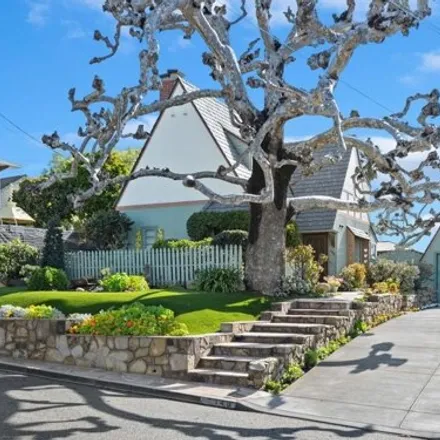 Buy this 3 bed house on Ventura High School in 2 North Catalina Street, Ventura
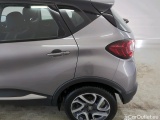 Renault  Captur Renault  Energy TCe 90 Intens 5d #19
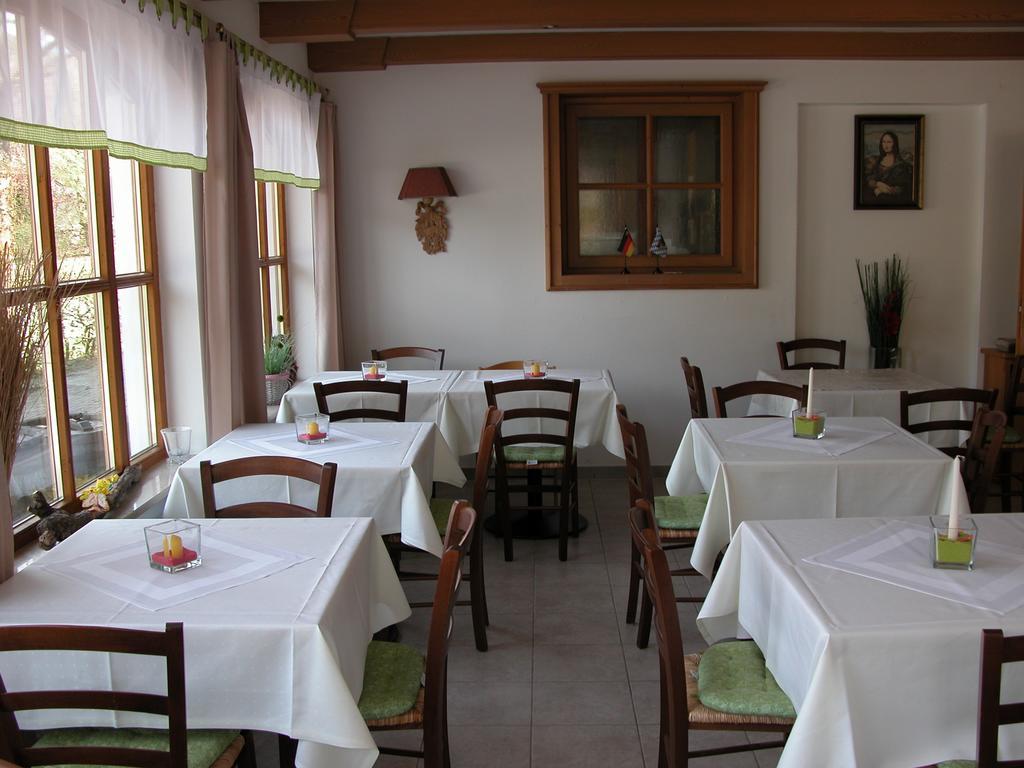 רוהפולדינג Hotel-Restaurant Zum Hirschhaus Inklusiv Chiemgaukarte מראה חיצוני תמונה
::::
### TASK PROMPT
Could you give the listing again exactly, minus its pictures?

### ANSWER SPACE
 Buy this 3 bed house on Ventura High School in 2 North Catalina Street, Ventura
 Renault  Captur Renault  Energy TCe 90 Intens 5d #19
 רוהפולדינג Hotel-Restaurant Zum Hirschhaus Inklusiv Chiemgaukarte מראה חיצוני תמונה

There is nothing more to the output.